Problem details: With the material below, print exactly the lines between the line holding "정안천 생태공원 길가의 연못과 봄꽃" and the line holding "DIGGER - Rottweiler", inclusive. Add nothing else.

Data shown:
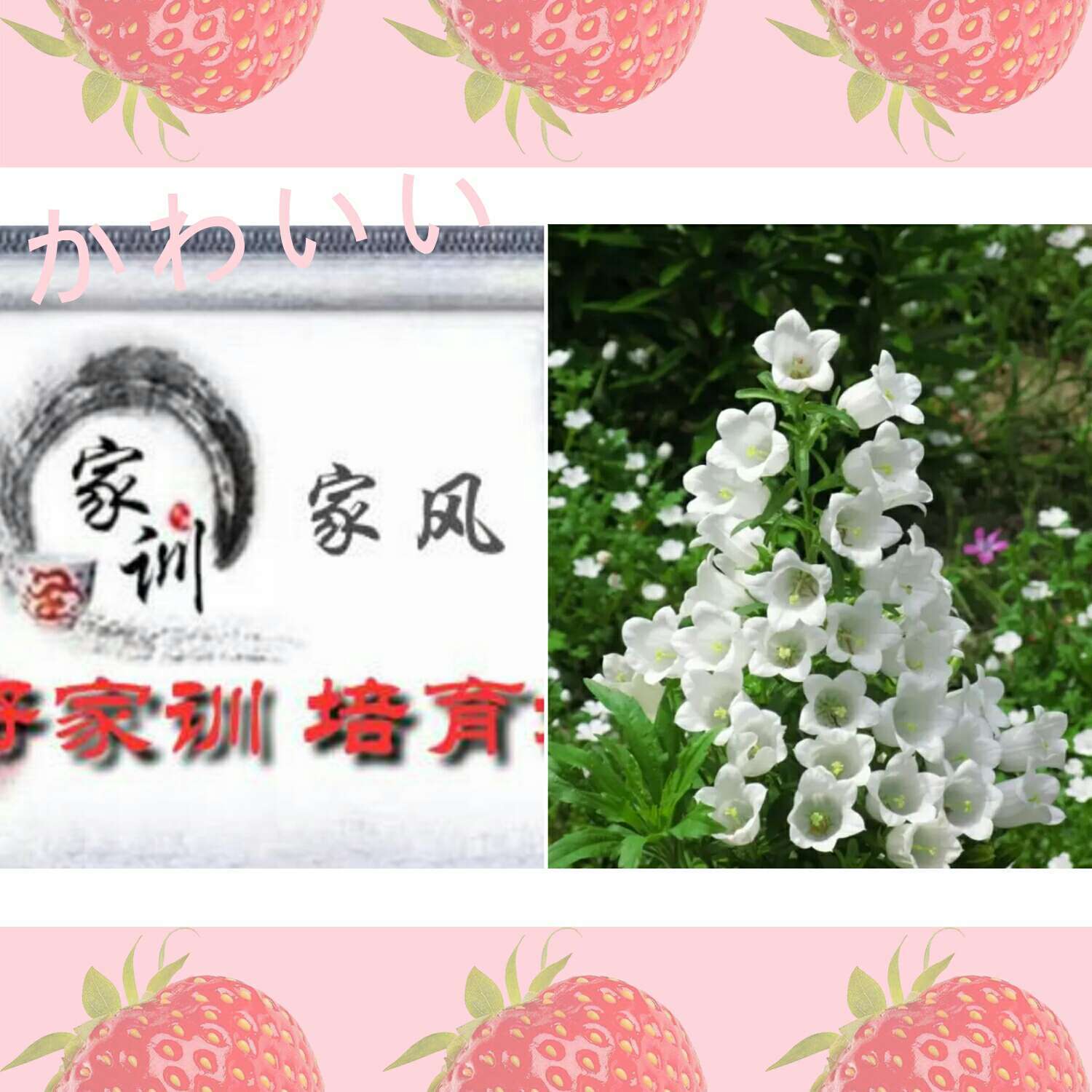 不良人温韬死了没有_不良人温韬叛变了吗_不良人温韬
...
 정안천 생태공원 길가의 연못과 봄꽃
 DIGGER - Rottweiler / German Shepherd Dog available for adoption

Result:
 정안천 생태공원 길가의 연못과 봄꽃
 DIGGER - Rottweiler / German Shepherd Dog available for adoption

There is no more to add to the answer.